In a piece at The New Republic, writer and podcaster Sam Adler-Bell lists some of their names: Nate Hochman, Declan Leary, Saurabh Sharma, Jack Butler, Sohrab Ahmari, Christopher Rufo, Josh Hammer, Jack Posobiec, Curtis Yarvin, and Matthew Walther.
Here is a taste:
“Conservatism in 2021 means radicalism,” announced Nate Hochman, a 23-year-old writer at National Review. Describing the posture of his political milieu, Hochman spoke with urgency and without pretense, less eager to impress than to be understood. “We have to think of ourselves as counterrevolutionaries or restorationists who are overthrowing the regime.” He doesn’t mean by violence, necessarily. “But … there’s not a lot left to conserve in the contemporary state of things. There are things that need to be destroyed and rebuilt.”

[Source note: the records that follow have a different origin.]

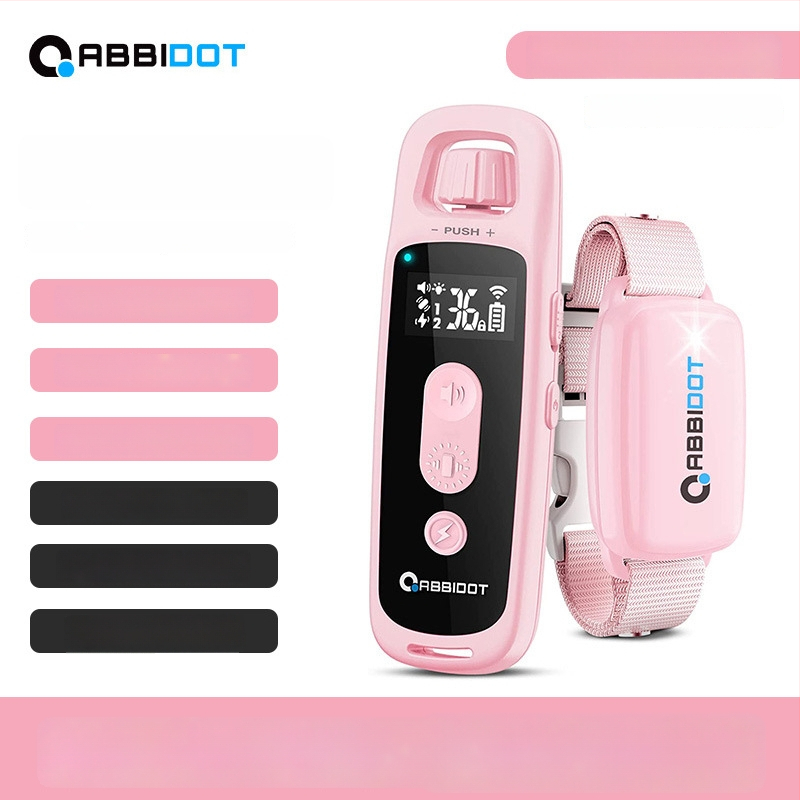 ABBIDOT Τηλεχειριζόμενος ηλεκτρικός κολάρος εκπαίδευσης σκύλων — συσκευή εκπαίδευσης και αντί-γαβγίσματος, πολυεστέρας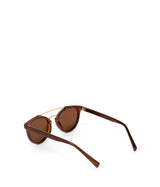 Aldie-2 round recycled sunglasses Brown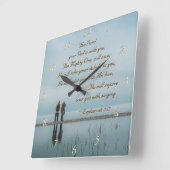 Horloge Carrée 3:17 Rejoice over you with sinah. (Angle)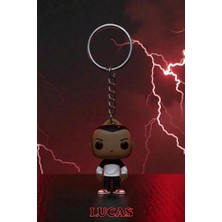 Lades Stranger Things Funko Pop Figür Anahtarlık – Lucas Koleksiyonluk Anahtar Süsü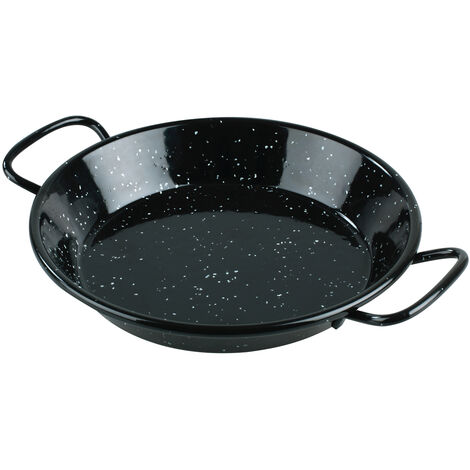 Lacor - Plat pour paëlla 10 cm en acier émaille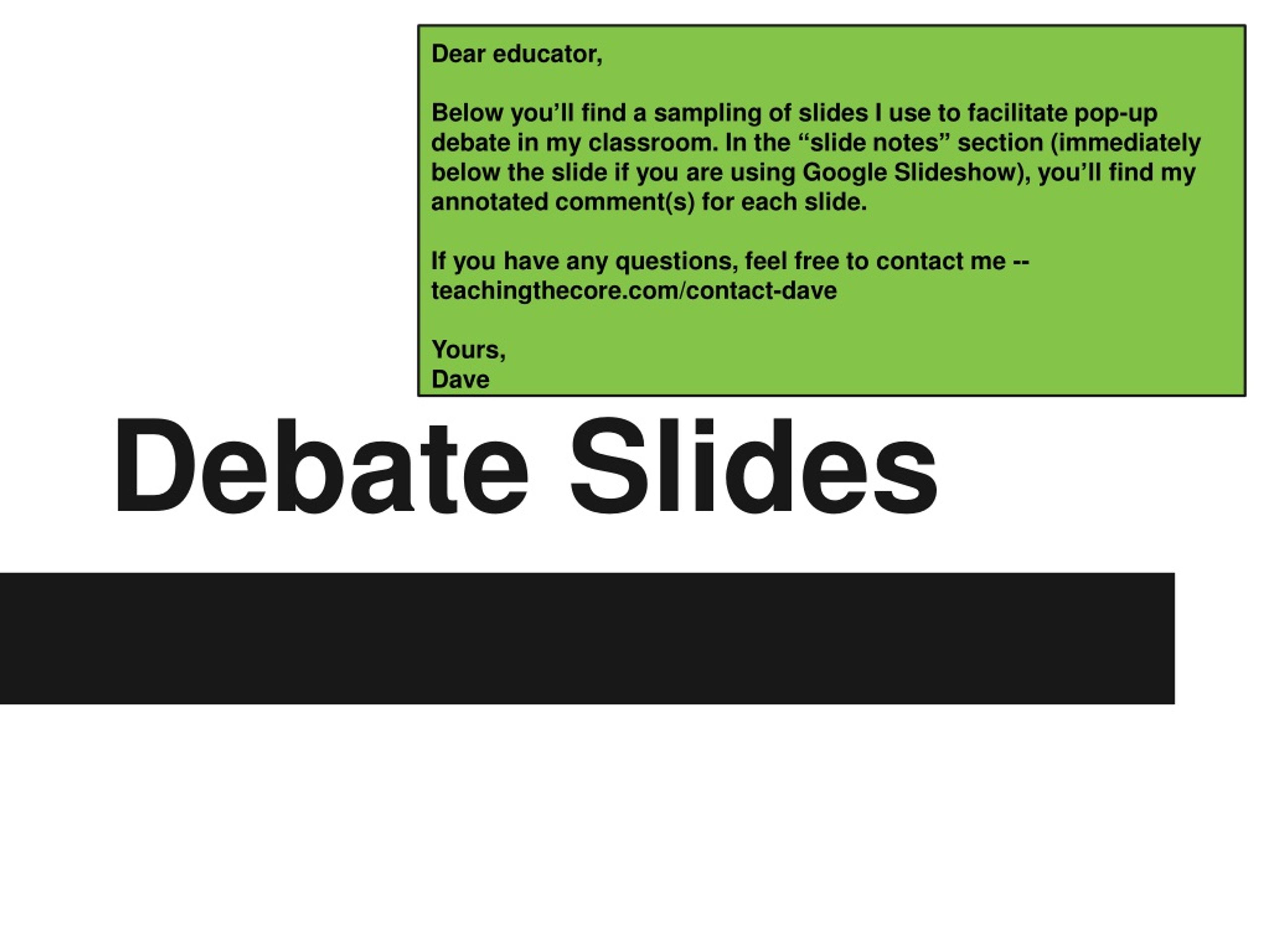 PPT - Debate Slides PowerPoint Presentation, Free Download - ID:8696623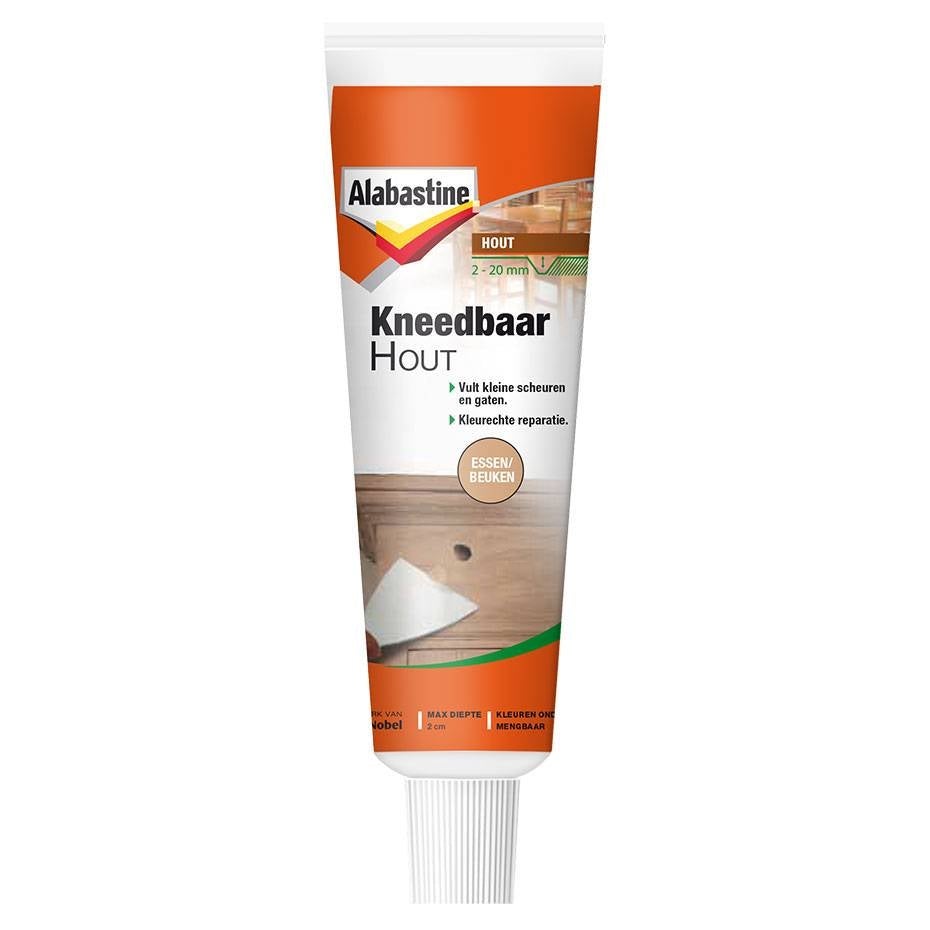 Alabastine kneedbaar hout essen/beuken 50 ml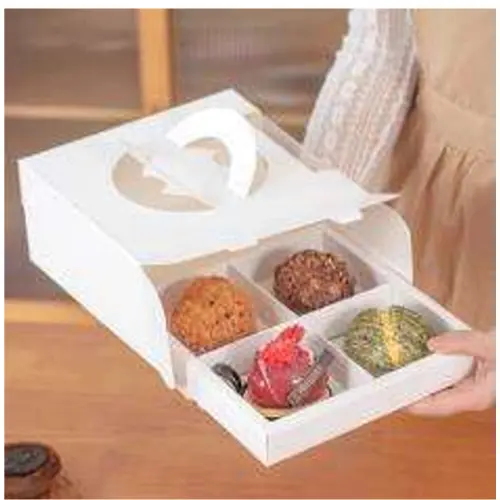 [365910] 5PCS 4 COMPARTMENT DESSERT  BOX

If you’re scandalized by the language of “counterrevolution” or surprised to hear a conservative talk about “destroying” things and “overthrowing” regimes, you probably haven’t spent much time around right-wing college grads of late. Which makes sense. As a matter of demography, they’re exceedingly hard to find. “Young, highly educated people, as a group, are now overwhelmingly Democratic to an extent that’s literally never been seen before, probably ever in history,” explained David Shor, the progressive pollster and statistician. The well-known liberal biases of millennials have held for Generation Z, and education polarization continues apace. We’ve become accustomed to thinking about the distorting effect these factors have on Democratic campaigns and NGOs, which are dominated by young activists with beliefs well to the left of the median Democrat. But the same forces are shaping the right’s leading lights. Given the high statistical likelihood that a young person who went to college is a Democrat, those college grads who are not liberal—the hardheaded holdouts who buck the trend—tend to be, well, as Shor put it, “really very weird.”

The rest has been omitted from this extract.